- **What the task requires**: Exactly as they appear below, repeat the lines from the one with "Van de kerstman" through the one with "Womens UK Size". Drop every picture.

- **Source material**:
--------------------

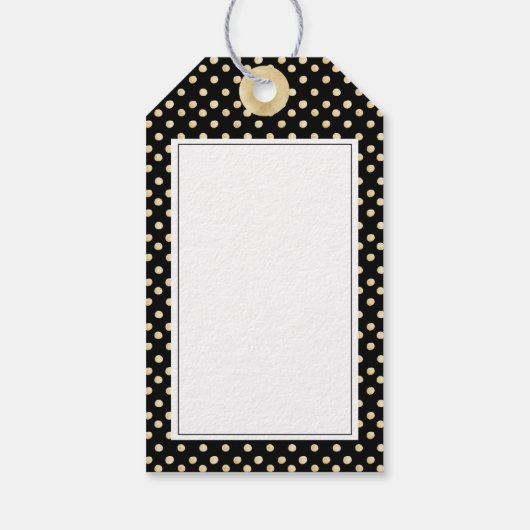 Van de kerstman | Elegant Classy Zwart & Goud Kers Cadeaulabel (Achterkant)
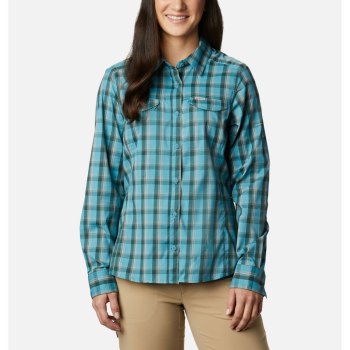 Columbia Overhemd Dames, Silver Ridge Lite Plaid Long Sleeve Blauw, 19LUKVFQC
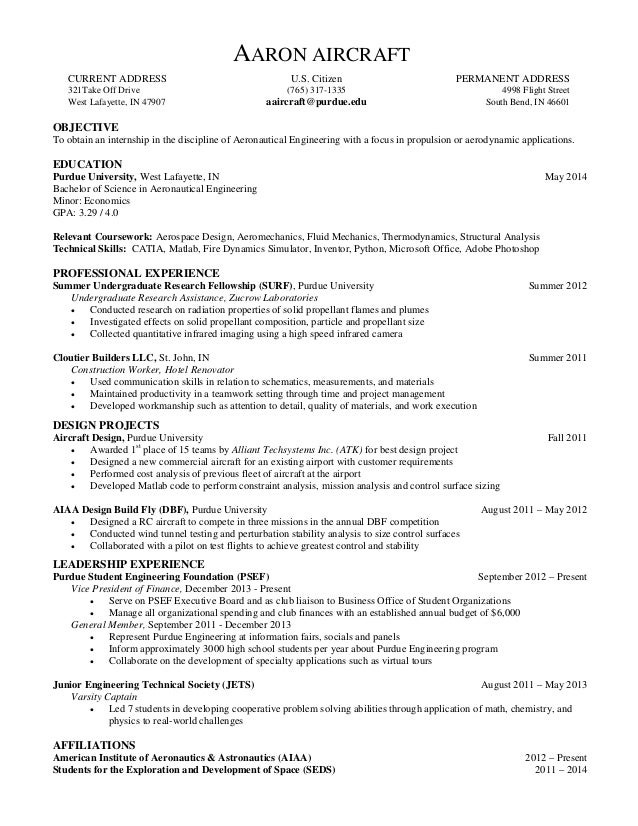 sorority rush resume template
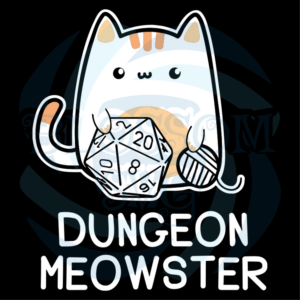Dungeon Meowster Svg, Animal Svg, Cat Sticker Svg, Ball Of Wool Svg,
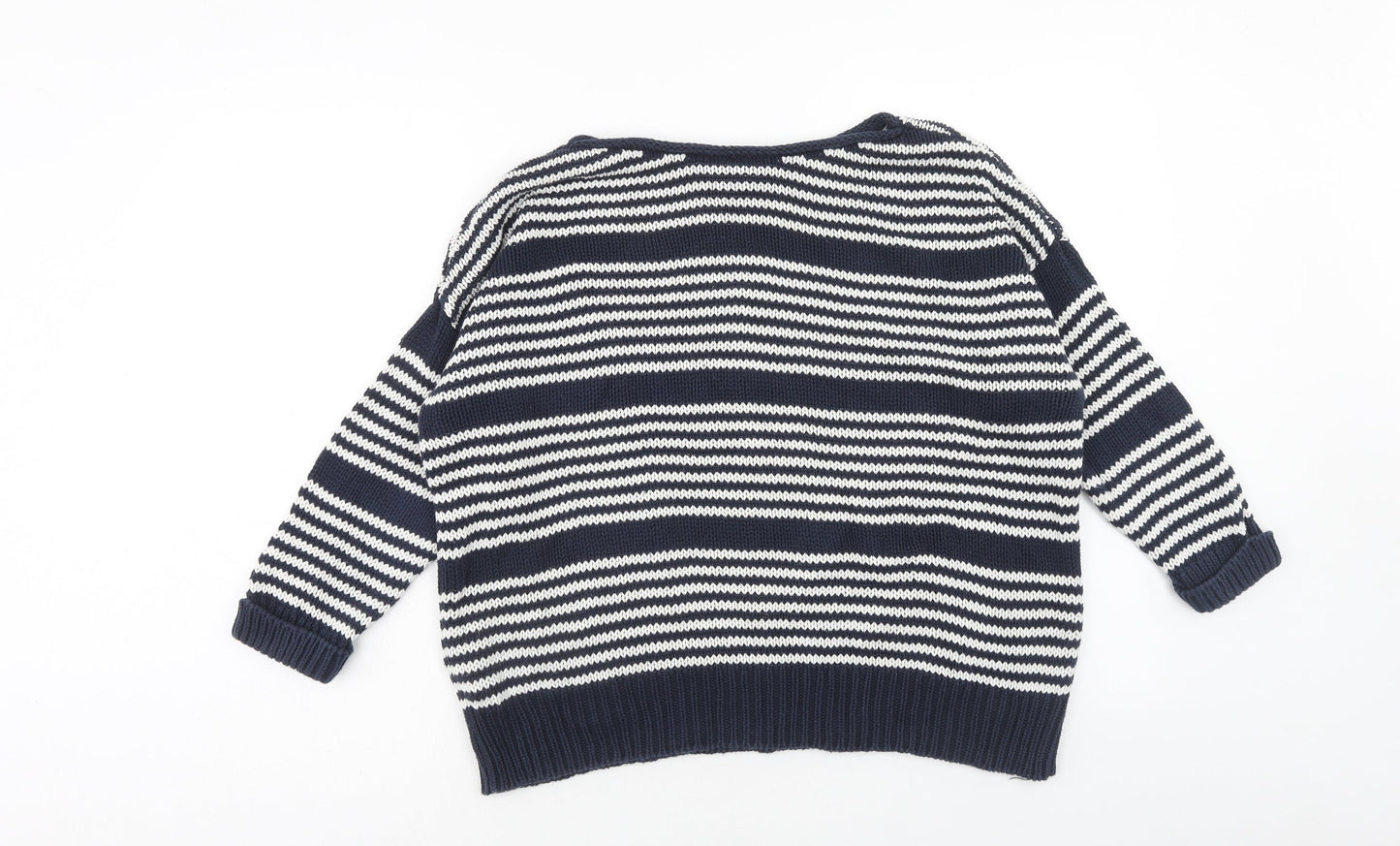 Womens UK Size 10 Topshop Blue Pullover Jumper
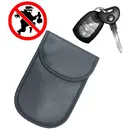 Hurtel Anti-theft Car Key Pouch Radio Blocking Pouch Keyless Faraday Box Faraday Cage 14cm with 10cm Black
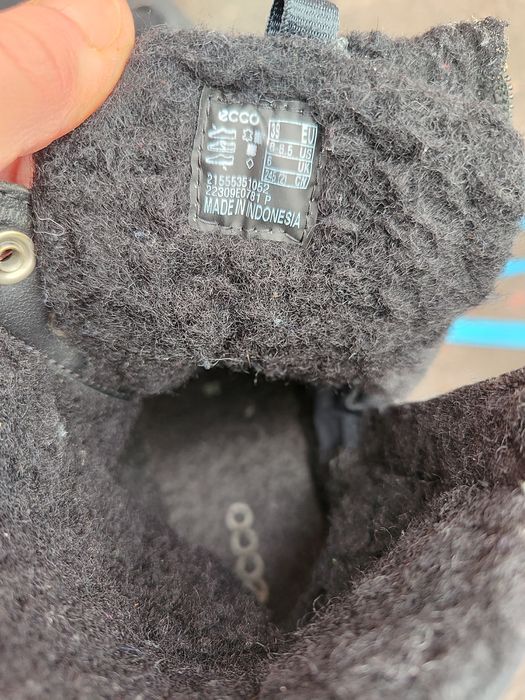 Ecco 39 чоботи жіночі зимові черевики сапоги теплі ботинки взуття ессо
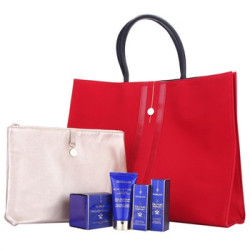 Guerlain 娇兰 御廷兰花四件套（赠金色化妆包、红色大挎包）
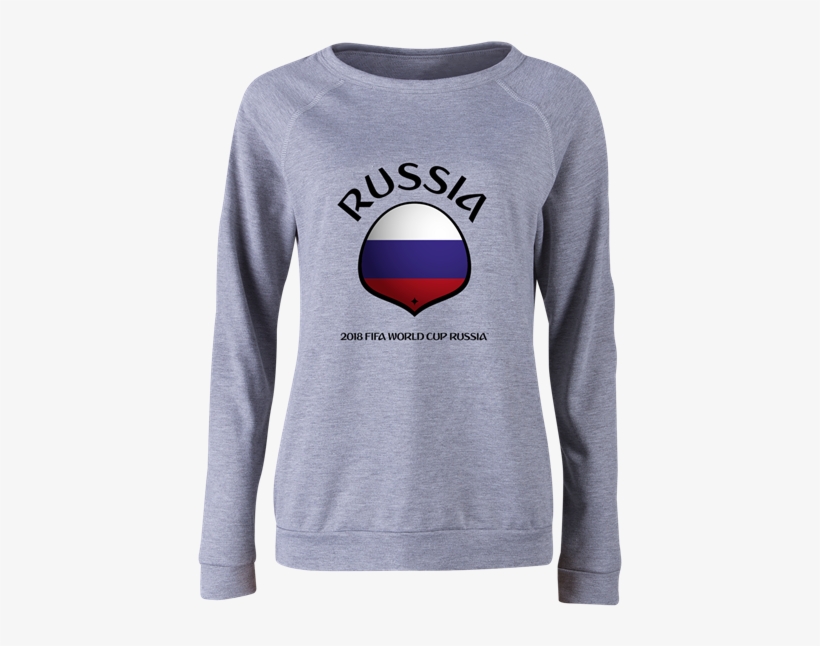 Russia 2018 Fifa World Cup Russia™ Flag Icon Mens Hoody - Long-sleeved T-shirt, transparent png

--------------------

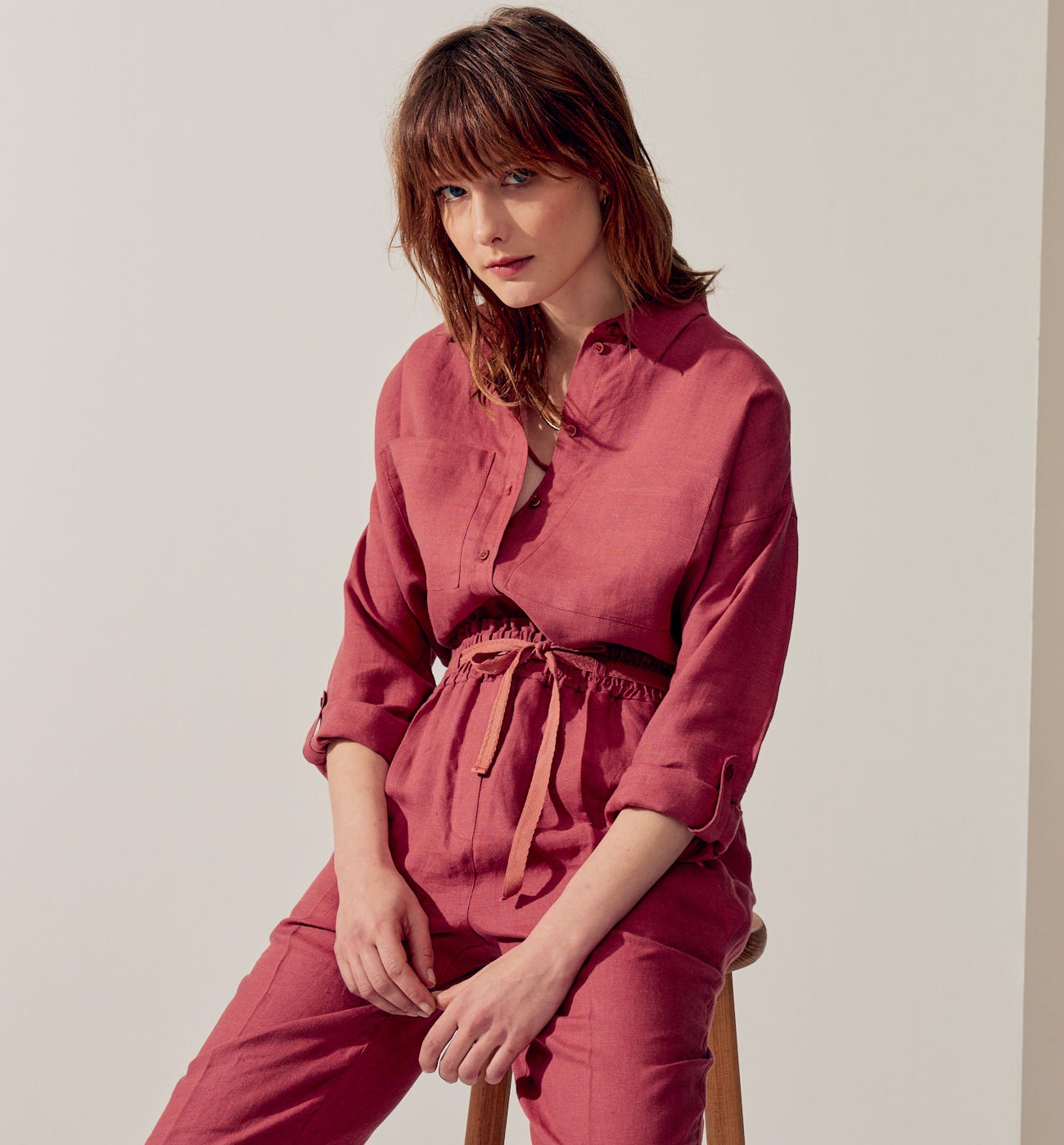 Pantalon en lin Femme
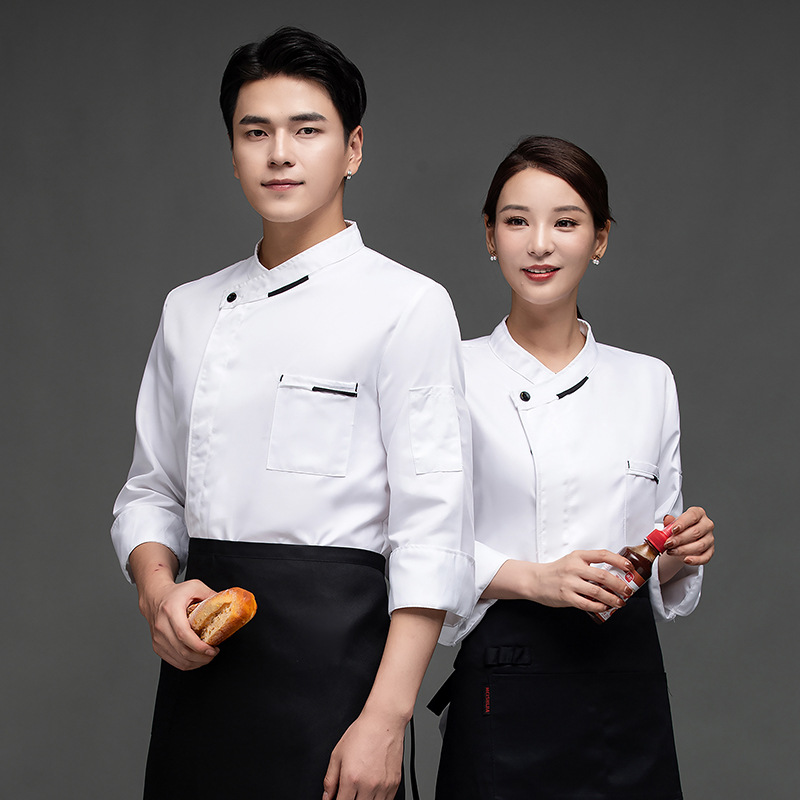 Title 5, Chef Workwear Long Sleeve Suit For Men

--------------------

- **Reply**:
 Van de kerstman | Elegant Classy Zwart & Goud Kers Cadeaulabel (Achterkant)
 Columbia Overhemd Dames, Silver Ridge Lite Plaid Long Sleeve Blauw, 19LUKVFQC
 sorority rush resume template
Dungeon Meowster Svg, Animal Svg, Cat Sticker Svg, Ball Of Wool Svg,
 Womens UK Size 10 Topshop Blue Pullover Jumper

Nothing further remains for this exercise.